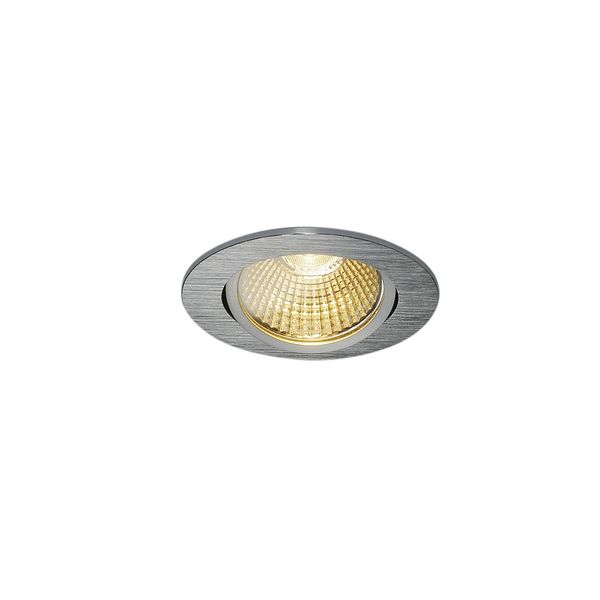 NEW TRIA 68 LED DL ROUND Set, 9W, 3000K, 38ø, alu brushed image 1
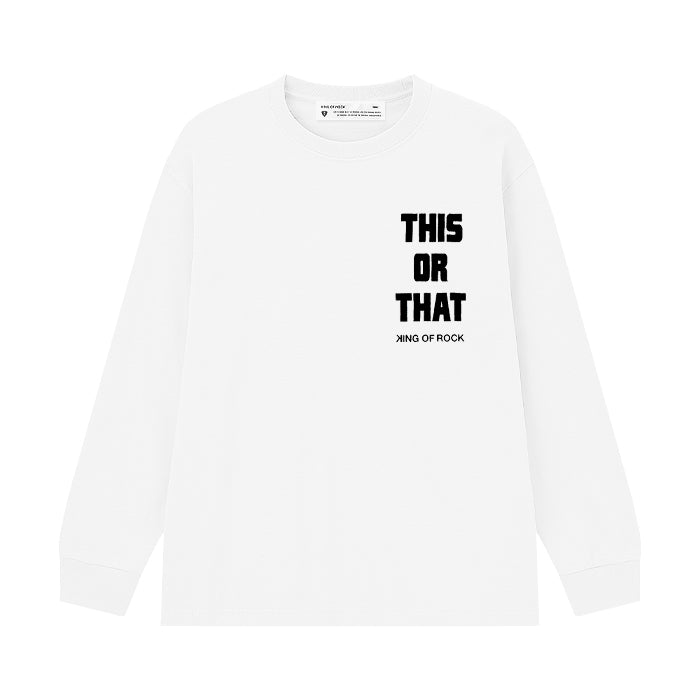 KING OF ROCK / キングオブロック ロングTシャツ ロンT メンズ 502thisorthatbi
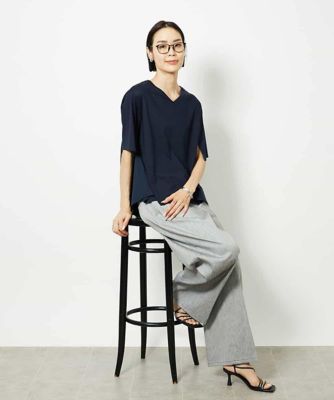 チノワイドパンツ | MICHEL KLEIN (Women)/ミッシェルクラン | 三越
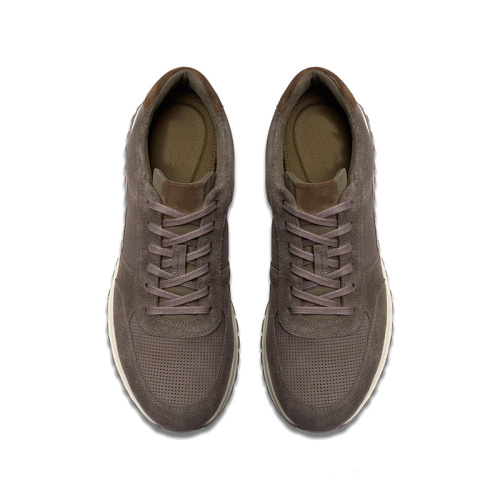 Leather Mesh Breathable Lightweight Sports Shoes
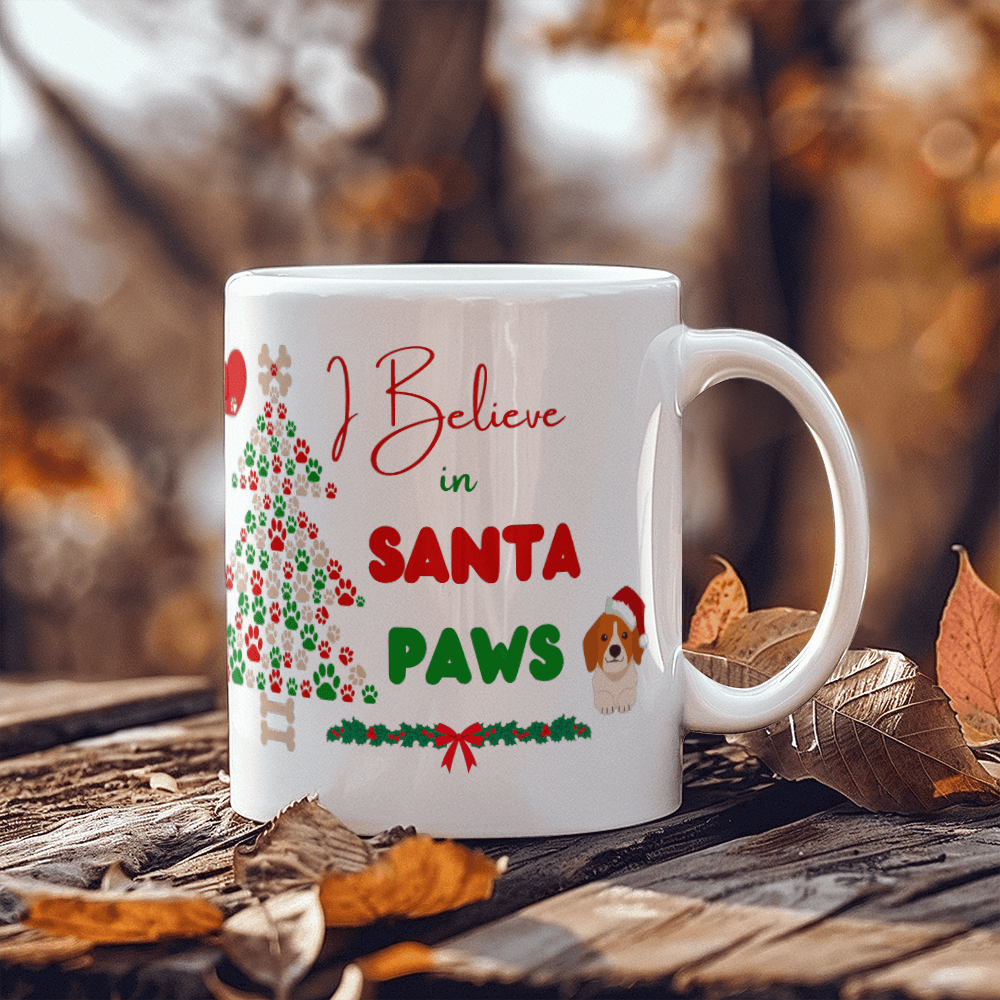 I Believe In Santa Paws Coffee Mug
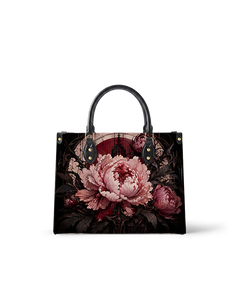 Altar Peony Leather Handbag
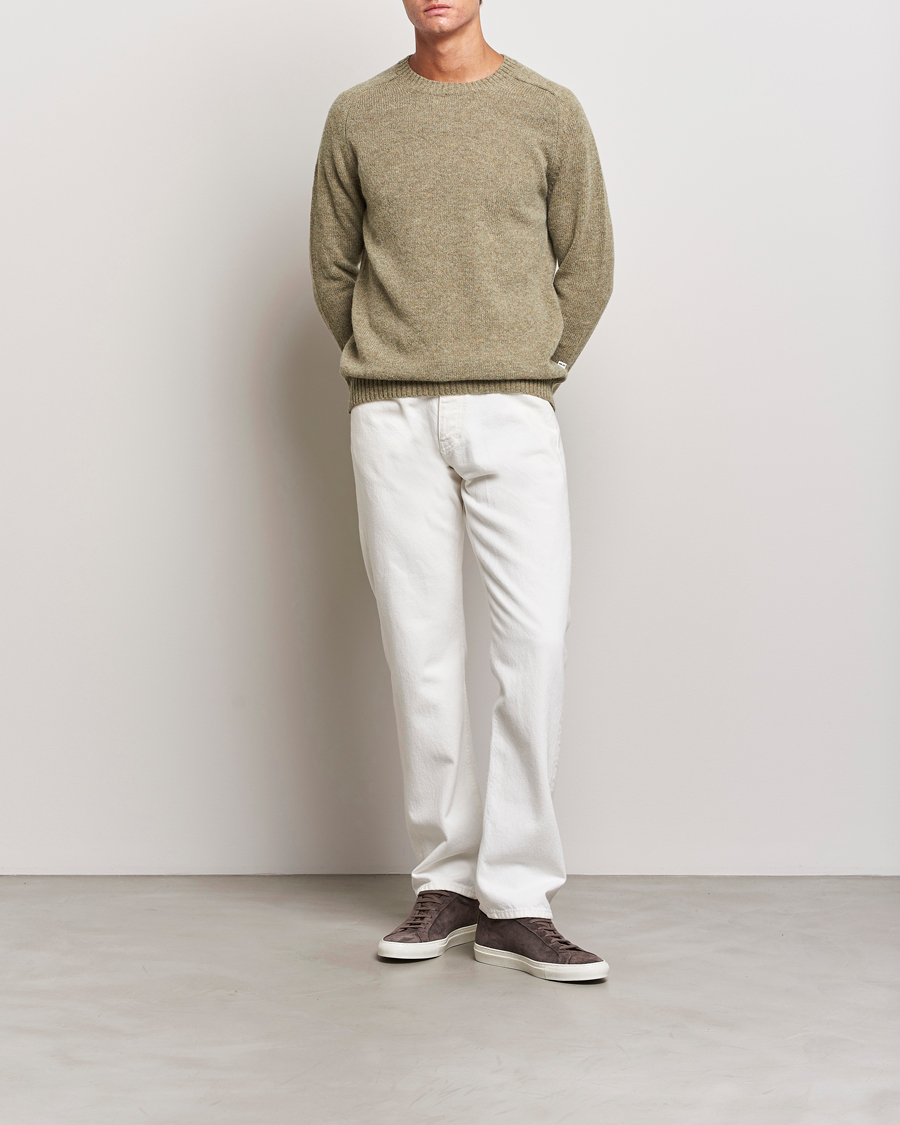 Herr | Tröjor | NN07 | Nathan Brushed Crew Neck Elmwood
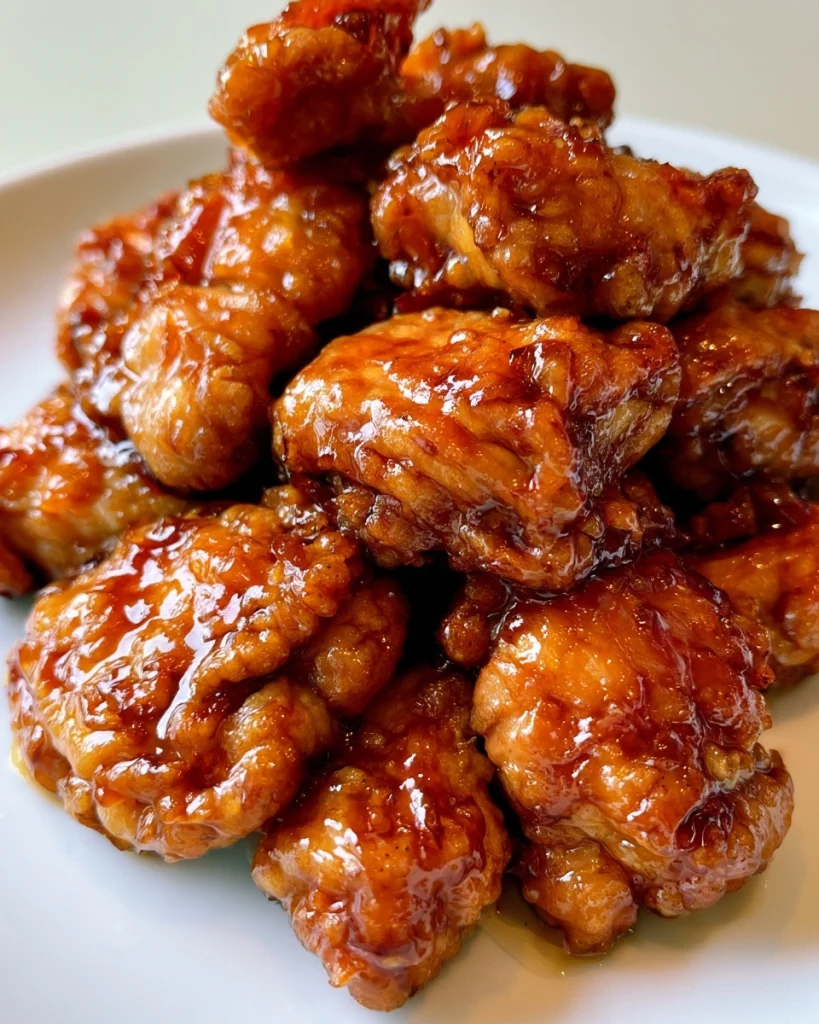 Sticky Honey Garlic Chicken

[WHAT YOU HAVE TO DO]
Take the line that contains "I Believe In Santa Paws Coffee Mug" and every line after it up to the end of the records above, and restate them exactly, without the pictures.

[ANSWER SECTION]
 I Believe In Santa Paws Coffee Mug
 Altar Peony Leather Handbag
 Herr | Tröjor | NN07 | Nathan Brushed Crew Neck Elmwood
 Sticky Honey Garlic Chicken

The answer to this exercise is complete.